Em geral, esses clarões brilhantes são explosões de raios gama – jatos extremos de emissões de raios X expelidos do colapso de estrelas massivas. Mas o AT 2022cmc foi único. “Esse evento em particular foi 100 vezes mais poderoso do que o mais poderoso brilho pós-explosão de raios gama”, disse Pasham. “Foi algo extraordinário.”

A equipe então reuniu observações de outros telescópios de raios X, rádio, ópticos e ultravioleta e rastreou a atividade do sinal nas semanas seguintes. O que mais chamou sua atenção foi a extrema luminosidade do sinal na banda de raios X. Eles descobriram que as emissões de raios X do AT 2022cmc oscilaram amplamente por um fator de 500 em algumas semanas.
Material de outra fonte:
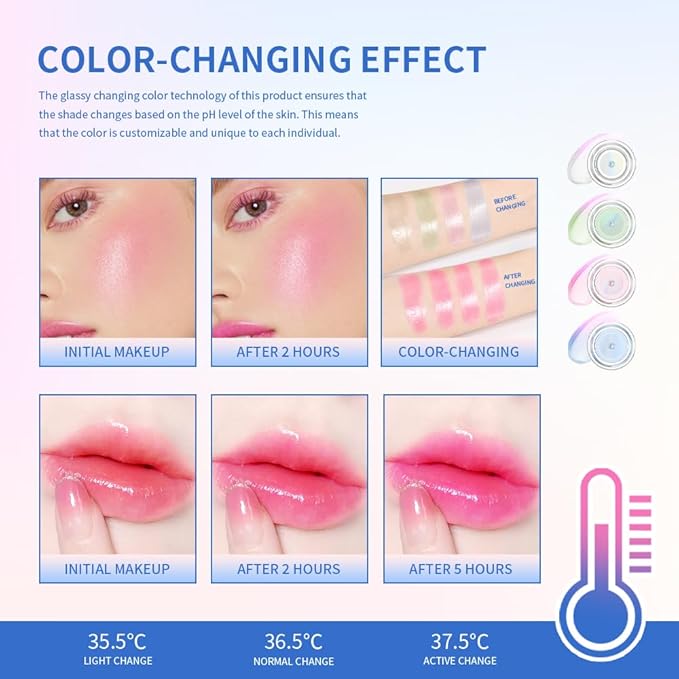 Color Change Blush Clear Liquid Blush Cream Moisturizing Blusher Halo dyeing naturally Blush Rouge Multi-use Makeup Cream For Cheeks Face Lips Waterproof Blush Gel Lip Oil (#2)
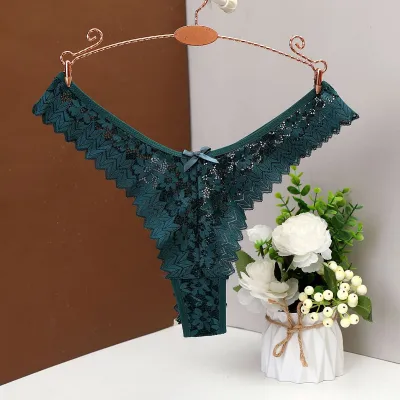 Women Fashion Sexy Solid Color Lace Mid-Waist Thong
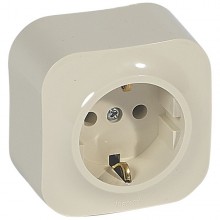 Розетка силовая Legrand Quteo 2К+З без шторок, слоновая кость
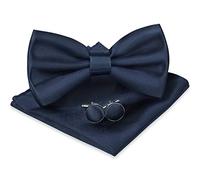 URAQT Men's Bow Tie Set, Classic Solid Color Pre-Tied Bow Tie and Pocket Square Cufflink Set for Men, Satin Tux Bowtie & Handkerchief, Adjustable Formal Neck Bowtie for Parties, Wedding (Navy Blue)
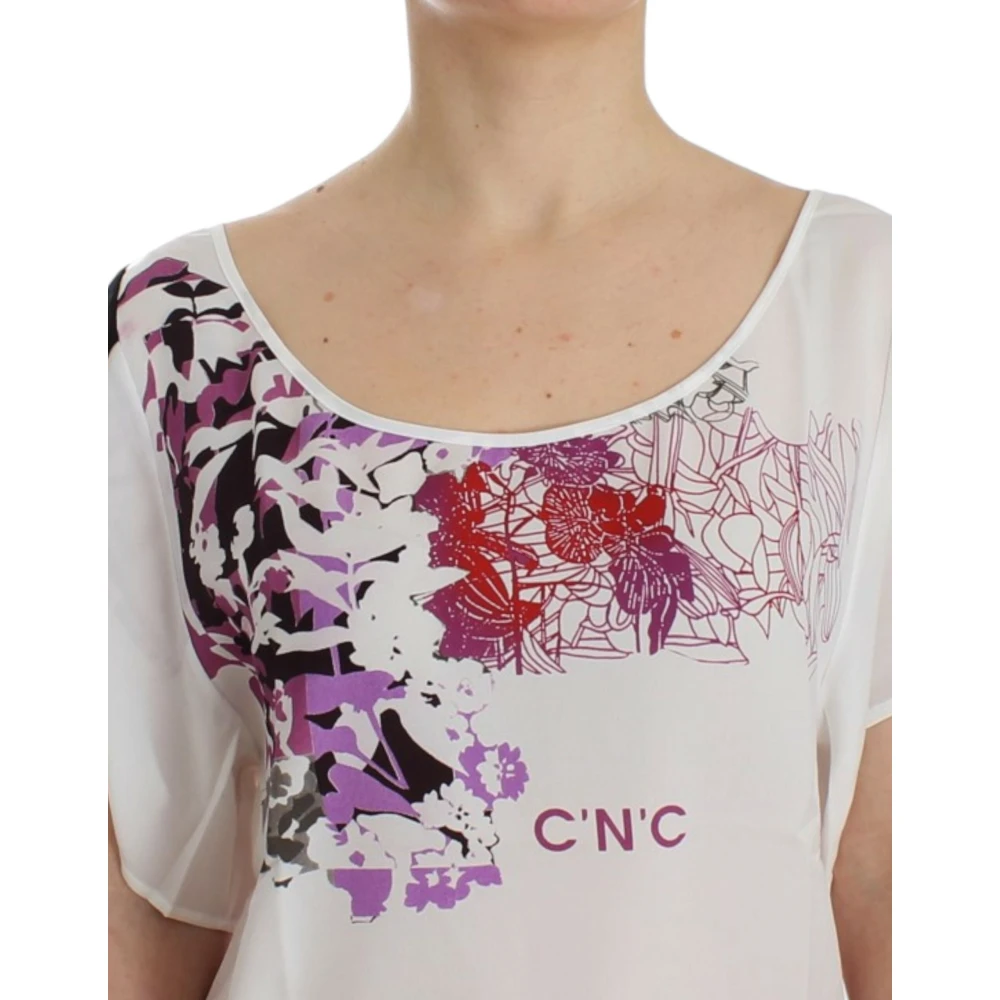 Costume National Chique witte V-hals T-shirt met print White Dames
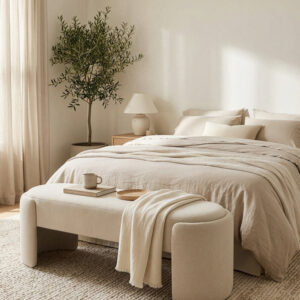 ספסל מרופד OVAL בצבע שמנת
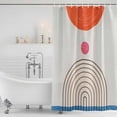 thumbnail image 2 of Polyester Fabric Beige Boho Shower Curtain, Modern Abstract Art Geometric Striped Waterproof Bathtub Curtain Bathroom Decor Set with Hooks 36 x 72 Inches, 2 of 6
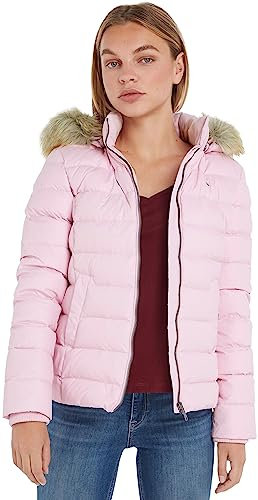 Tommy Jeans TJW Basic Hooded Down Jacket DW0DW08588 Giacche Imbottite, Rosa (French Orchid), L Donna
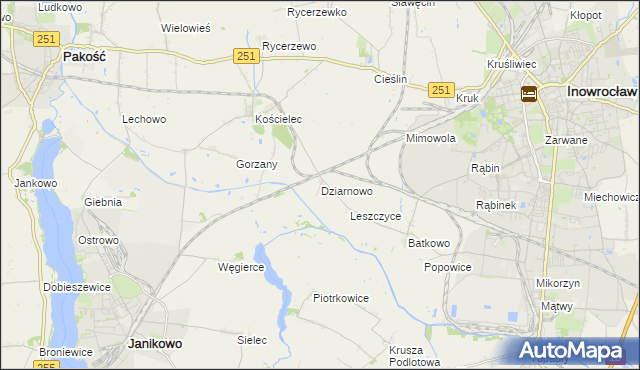 mapa Dziarnowo gmina Pakość, Dziarnowo gmina Pakość na mapie Targeo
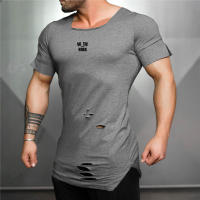 Men Gym Fitness Slim Fit Shirt Summer Absorb Sweat Breathable Cotton Short Sleeve T-Shirt Casual Fashion Square Collar Hole Tops - details 6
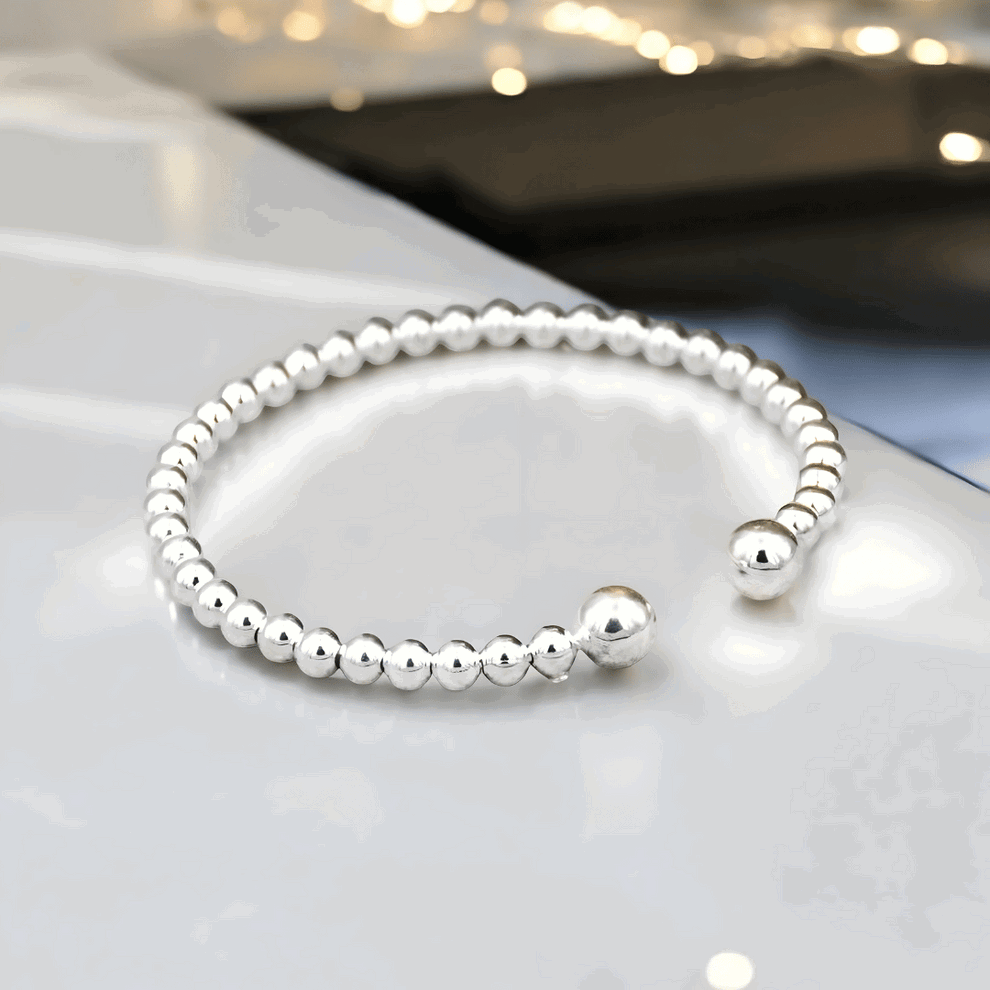 Silver ball bracelets for women_0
Para os pesquisadores, essa atividade frenética de raios X deve ser alimentada por um “episódio de acreção extrema” – um evento que gera um enorme disco turbulento, como um evento de ruptura de maré, no qual uma estrela fragmentada cria um redemoinho de detritos ao cair em um buraco negro.

Emissões de TDE. Crédito: Zwicky Transient Facility/R.Hurt (Caltech/IPAC)

Velocidade próxima à da luz

Em reforço a essa ideia, a equipe descobriu que a luminosidade de raios X do AT 2022cmc era comparável a, embora mais brilhante do que, três TDEs detectados anteriormente. Esses eventos geraram jatos de matéria apontando diretamente para a Terra. Os pesquisadores se perguntaram: se a luminosidade do AT 2022cmc é o resultado de um jato direcionado para a Terra, com que velocidade o jato deve estar se movendo para gerar um sinal tão brilhante?

Lucchini então modelou os dados do sinal, considerando que o evento envolvia um jato vindo direto para o nosso planeta. “Descobrimos que a velocidade do jato é 99,99% da velocidade da luz”, afirmou ele.

Para produzir um jato tão intenso, o buraco negro deve estar em uma fase extremamente ativa – um “frenesi de hiperalimentação”, na definição de Pasham. “Provavelmente ele está engolindo a estrela a uma taxa de metade da massa do Sol por ano”, calculou o astrônomo. “Muitas dessas perturbações de maré acontecem no início, e conseguimos capturar esse evento logo no início, dentro de uma semana após o buraco negro começar a se alimentar da estrela.”

Acredita-se que o lançamento de telescópios mais poderosos nos próximos anos vai permitir a descoberta de mais TDEs, que poderão ajudar a explicar como os buracos negros supermassivos crescem e moldam as galáxias ao seu redor. “Esperamos muitos mais desses TDEs no futuro”, afirmou Lucchini. “Então poderemos dizer, enfim, como exatamente os buracos negros lançam esses jatos extremamente poderosos.”